LOS ANGELES – "The Kominsky Method" would be just another sitcom about men behaving badly if those characters weren't also engaged in TV's most brilliant "bromance."
Michael Douglas and Alan Arkin had never met before creator Chuck Lorre suggested that the two veterans team up to play two longtime friends, always ready to go to bat for each other, even if they have to stop four times to urinate on their way to the plate.
"I felt strangely comfortable with Michael the minute we started working together," Arkin said during a break from shooting the second season, which dropped this past Friday on Netflix. "As an actor, I like to touch people. I like to manhandle them. I like to play. And every once in a while, you wander into somebody who says, 'Please don't touch me' and you're dead for the next four years. But there was none of that here. It's gotten extraordinarily comfortable for me."
Arkin, 85, who plays a recently widowed talent agent, gets so amused by their scenes together that he's finding it harder and harder to keep a straight face.
"I've worked with Steve Carell three times now, and we can't look at each other anymore," he said. "I can feel that same thing coming with Michael."

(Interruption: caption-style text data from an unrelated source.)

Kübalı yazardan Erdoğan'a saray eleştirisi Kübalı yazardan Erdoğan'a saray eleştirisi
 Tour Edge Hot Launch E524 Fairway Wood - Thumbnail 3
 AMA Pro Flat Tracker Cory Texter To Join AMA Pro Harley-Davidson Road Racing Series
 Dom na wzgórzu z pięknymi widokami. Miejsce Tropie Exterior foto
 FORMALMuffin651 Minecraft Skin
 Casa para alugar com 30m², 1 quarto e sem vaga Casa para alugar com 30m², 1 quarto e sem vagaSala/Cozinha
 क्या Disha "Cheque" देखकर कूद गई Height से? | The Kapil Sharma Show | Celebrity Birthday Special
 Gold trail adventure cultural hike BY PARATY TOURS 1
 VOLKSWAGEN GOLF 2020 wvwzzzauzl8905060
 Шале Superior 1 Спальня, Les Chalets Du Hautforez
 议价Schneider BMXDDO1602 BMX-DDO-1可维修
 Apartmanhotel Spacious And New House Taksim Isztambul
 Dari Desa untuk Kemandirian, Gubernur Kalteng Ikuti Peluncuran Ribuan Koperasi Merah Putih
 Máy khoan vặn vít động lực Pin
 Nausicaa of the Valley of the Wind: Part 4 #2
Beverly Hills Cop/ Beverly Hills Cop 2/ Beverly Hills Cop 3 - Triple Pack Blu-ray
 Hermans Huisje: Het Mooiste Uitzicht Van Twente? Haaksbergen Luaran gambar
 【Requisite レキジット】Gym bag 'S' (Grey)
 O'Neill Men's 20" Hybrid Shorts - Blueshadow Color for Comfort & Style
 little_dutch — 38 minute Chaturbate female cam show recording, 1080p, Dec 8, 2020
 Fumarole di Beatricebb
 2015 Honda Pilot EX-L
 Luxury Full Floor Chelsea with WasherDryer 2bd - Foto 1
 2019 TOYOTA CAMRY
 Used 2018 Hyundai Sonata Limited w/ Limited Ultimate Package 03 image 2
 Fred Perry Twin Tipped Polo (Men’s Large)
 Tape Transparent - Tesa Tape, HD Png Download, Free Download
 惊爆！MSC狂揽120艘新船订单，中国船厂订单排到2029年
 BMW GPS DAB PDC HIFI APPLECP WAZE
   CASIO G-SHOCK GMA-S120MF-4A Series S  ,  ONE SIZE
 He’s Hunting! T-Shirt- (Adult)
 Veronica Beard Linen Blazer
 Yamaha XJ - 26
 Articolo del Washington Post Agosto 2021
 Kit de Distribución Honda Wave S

The new episodes welcome some fresh faces, including Bob Odenkirk as a doctor specializing in suicidal thoughts and Paul Reiser as a former beatnik who rediscovers his passion for weed, but for my money the series could simply consist of scenes between Douglas' Sandy and Arkin's Norman, needling each other at their favorite steakhouse, where the waiters barely make it to their tables without the aid of walkers.
Douglas, 75, portraying a washed-up performer who pays the bills — and feeds his ego — by teaching an acting class, compares his relationship with Arkin to the one he had nearly 50 years ago with Karl Malden on "The Streets of San Francisco."
"I watched our first scene together and believed these guys have known each other for 40 years," he said. "That's just the wonderful magic of, I guess, good casting."